→ Try it:
Write out word for word the lines from the one holding "Floral off-white skirt" through the end of the data, and only those lines. Pictures stay out.

Top of Records to process

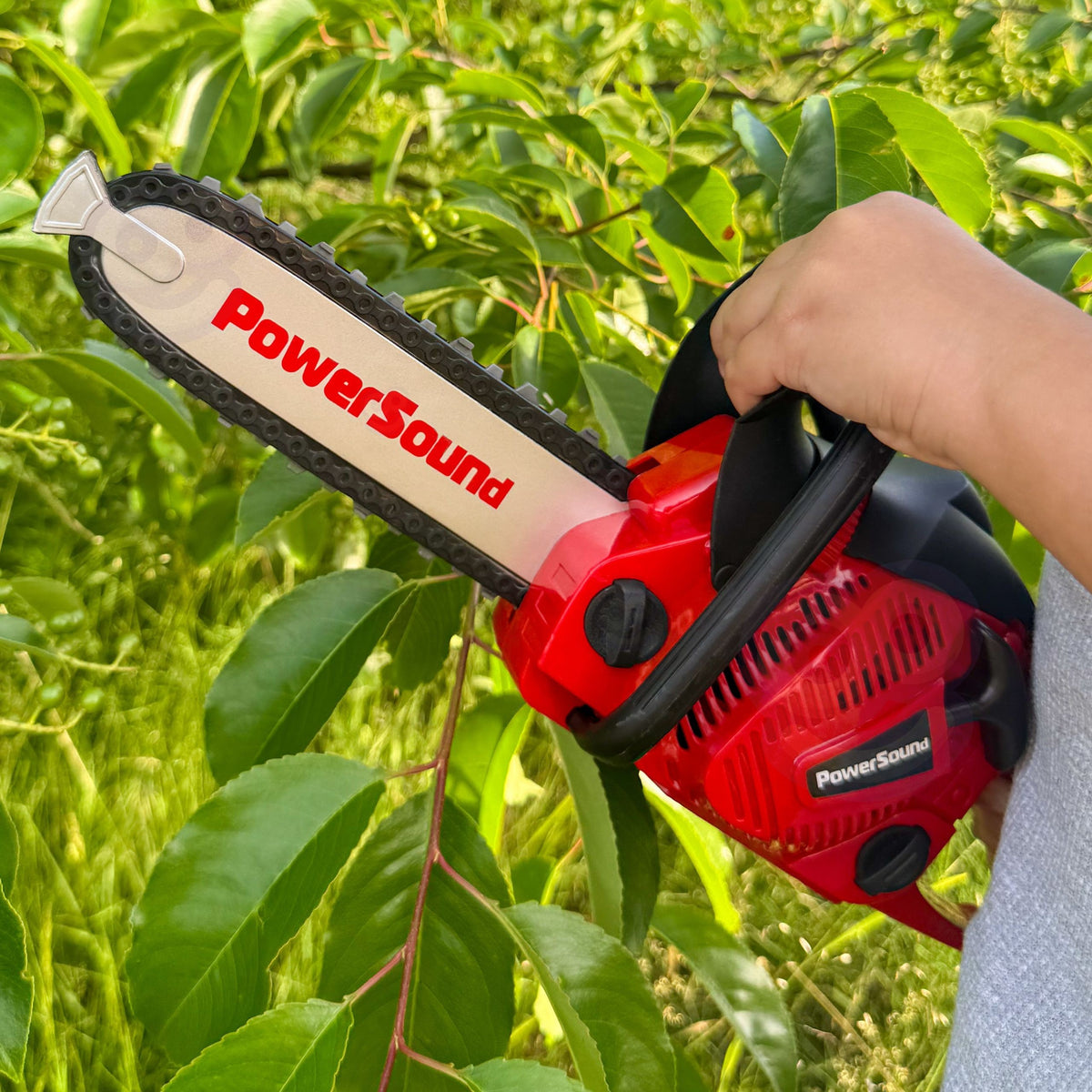 Toy chainsaw – realistic petrol engine sounds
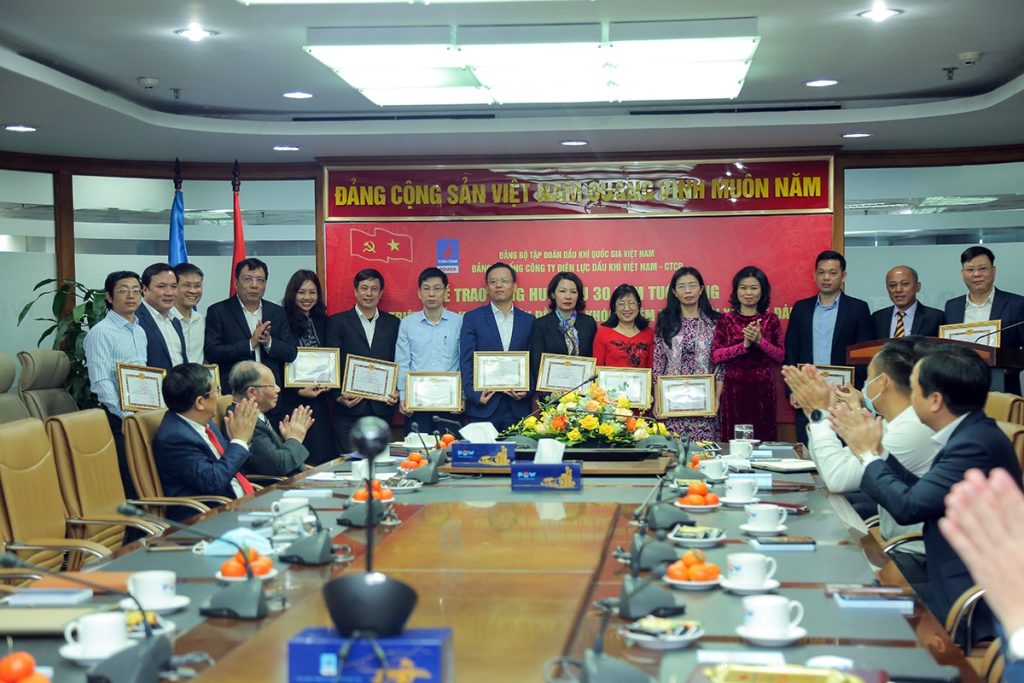  Trao giấy khen của Đảng ủy Tổng Công ty cho các cá nhân hoàn thành xuất sắc nhiệm vụ năm 2021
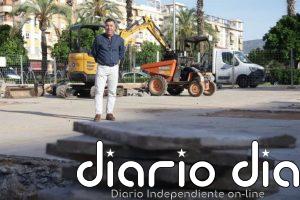 El Ayuntamiento de Córdoba cambia la solería de la plaza Matías Prats, ajardina la zona y cambia los bancos
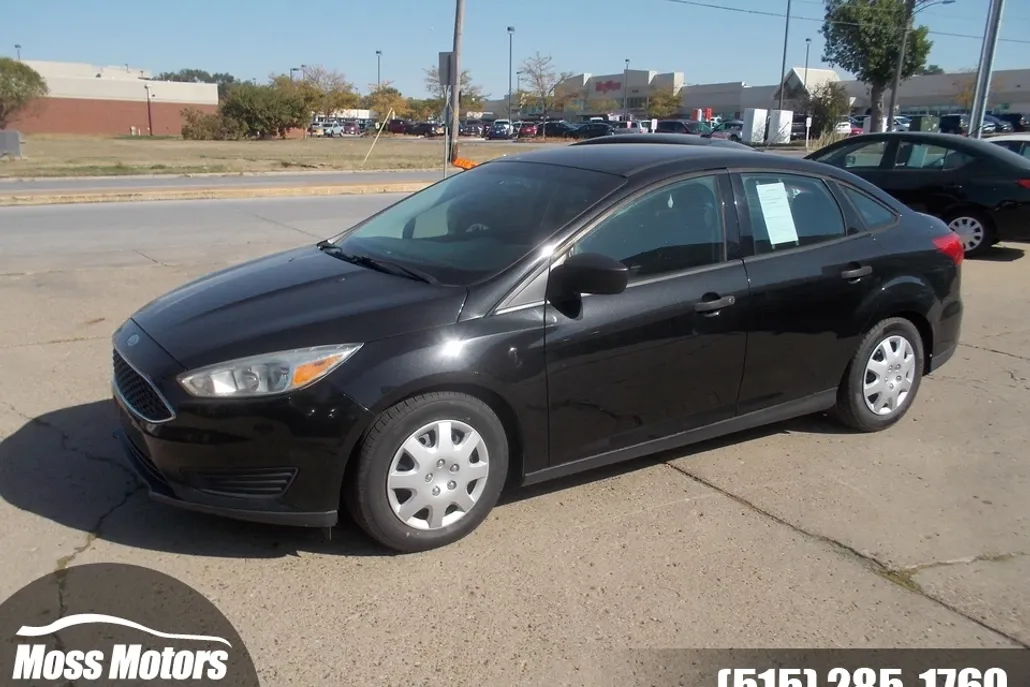 2015 Ford Focus S photo 1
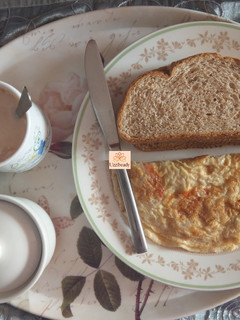 A picture of "Pizza" egg.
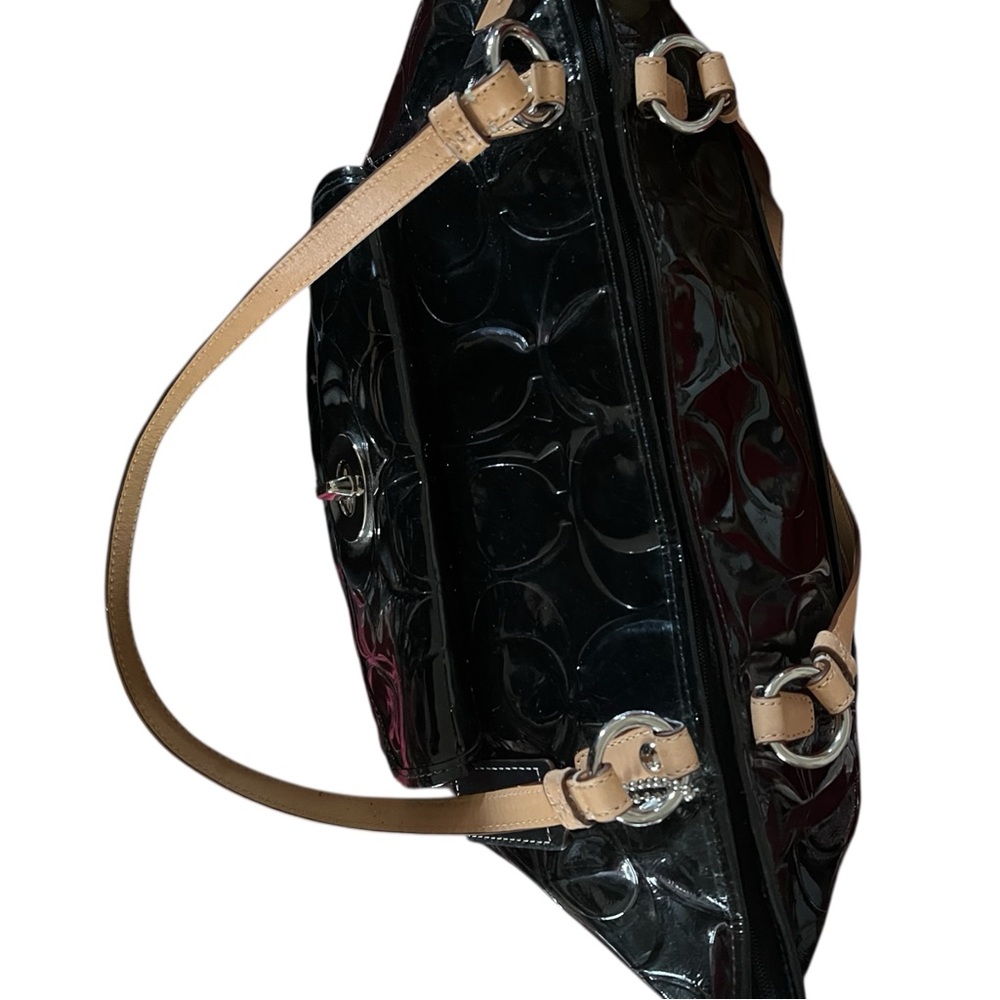 ***SOLD***Coach Patent Leather Signature Embossed Tote Handbag - Picture 6 of 10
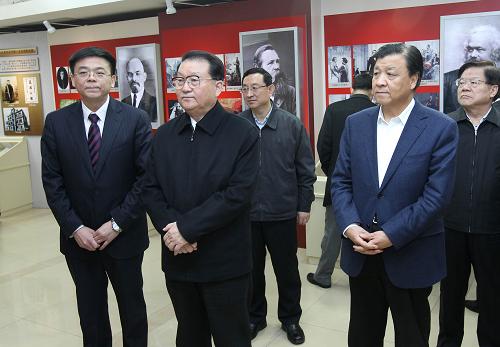 2月10日,中共中央政治局常委李長(zhǎng)春來(lái)到中共中央編譯局,參觀馬克思主義傳播史展覽。新華社記者 龐興雷 攝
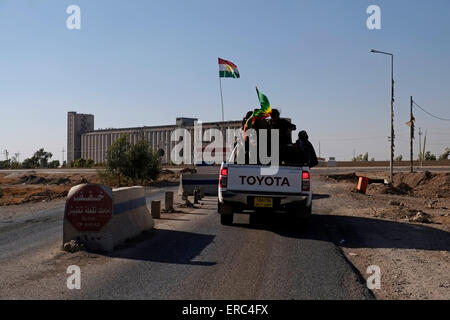 Una Toyota pick up auto portante un gruppo di donne combattenti curdi delle donne libere le unità di misura sono accorciati YJA stella la donna ala militare del Partito dei Lavoratori del Kurdistan PKK passando attraverso un Peshmerga curdo checkpoint in area Makhmur nei pressi di Mosul nel nord Iraq Foto Stock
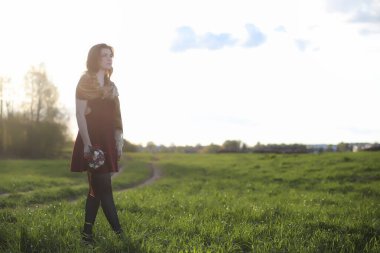 Parkta bir yürüyüş üzerinde şapkalı bir kız. Bir kızla bir sepet yürüyüş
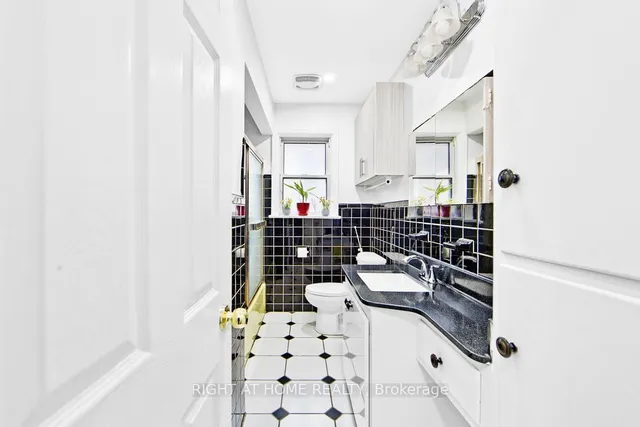 Additional image 13 of 150 Lord Roberts Dr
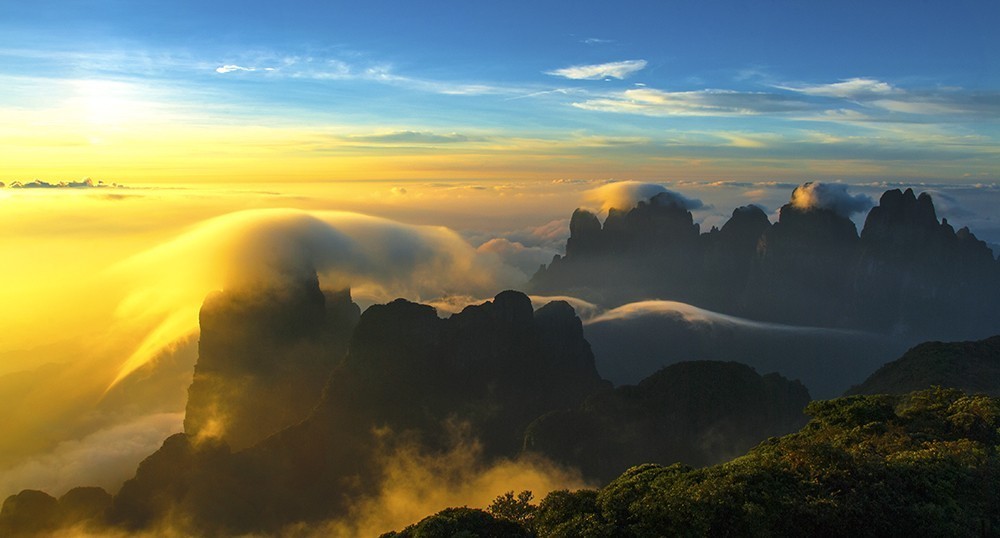 「圣堂」免门票！五一出游首选金秀！世界瑶都让您嗨翻天！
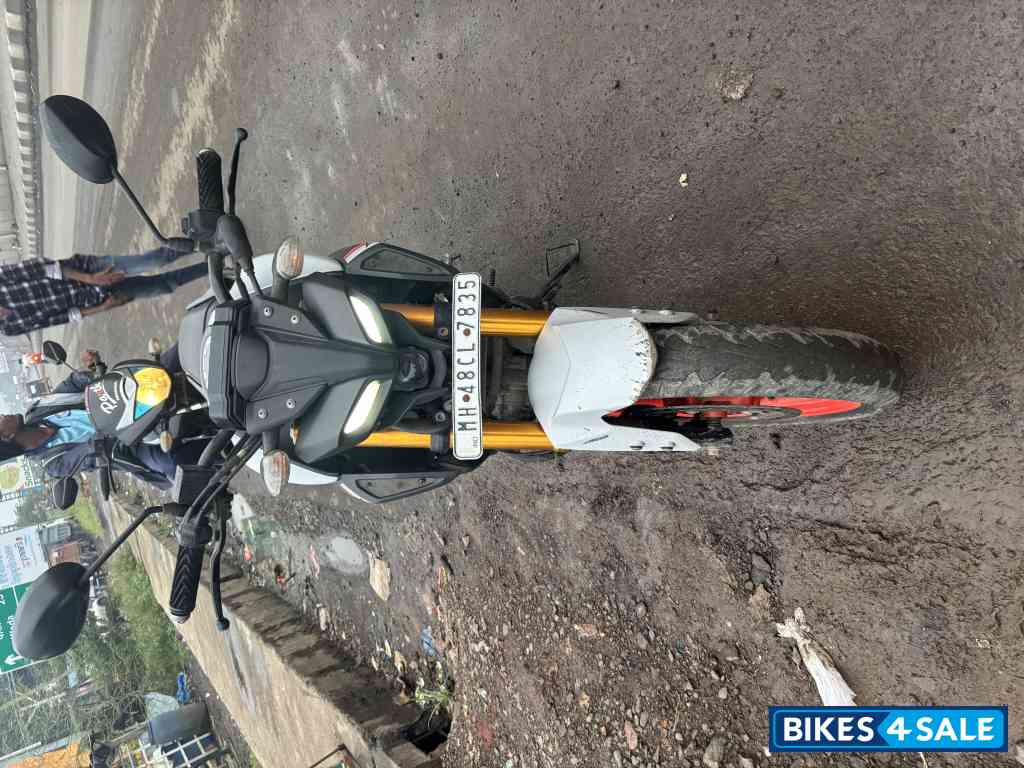 White Red Yamaha MT-15 Ver 2.0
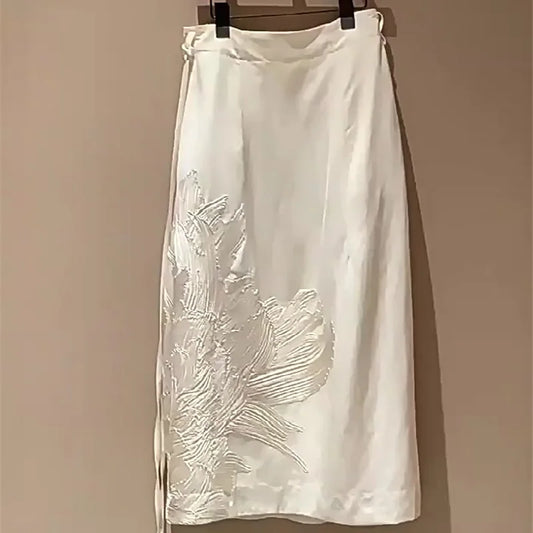 Floral off-white skirt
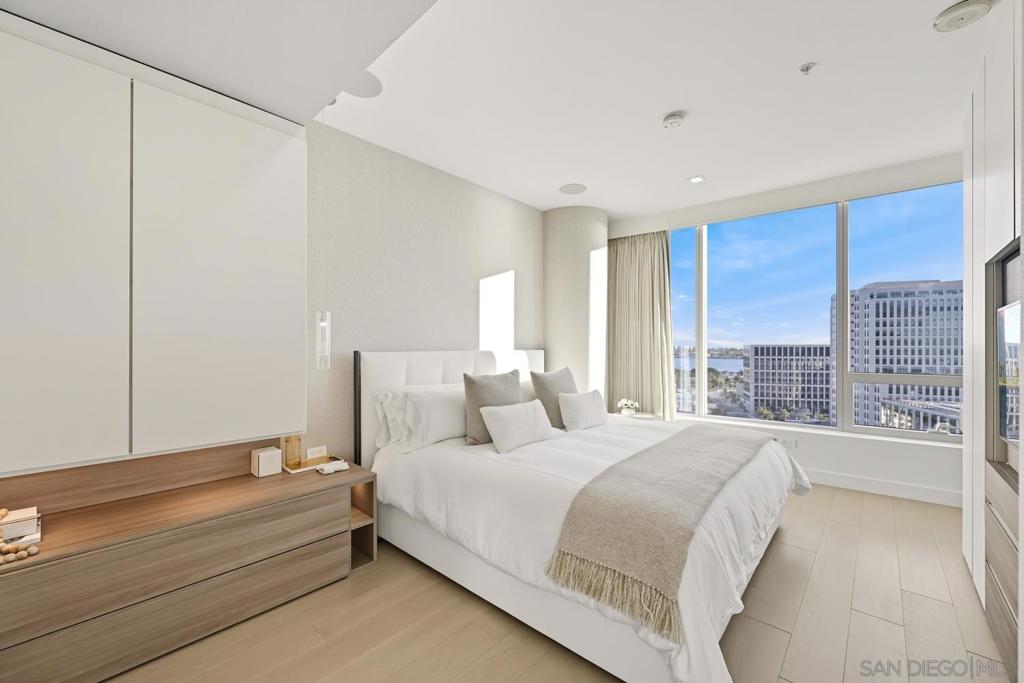 MLS #250040924SD image #32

Bottom of Records to process

→ Response area:
 Floral off-white skirt
 MLS #250040924SD image #32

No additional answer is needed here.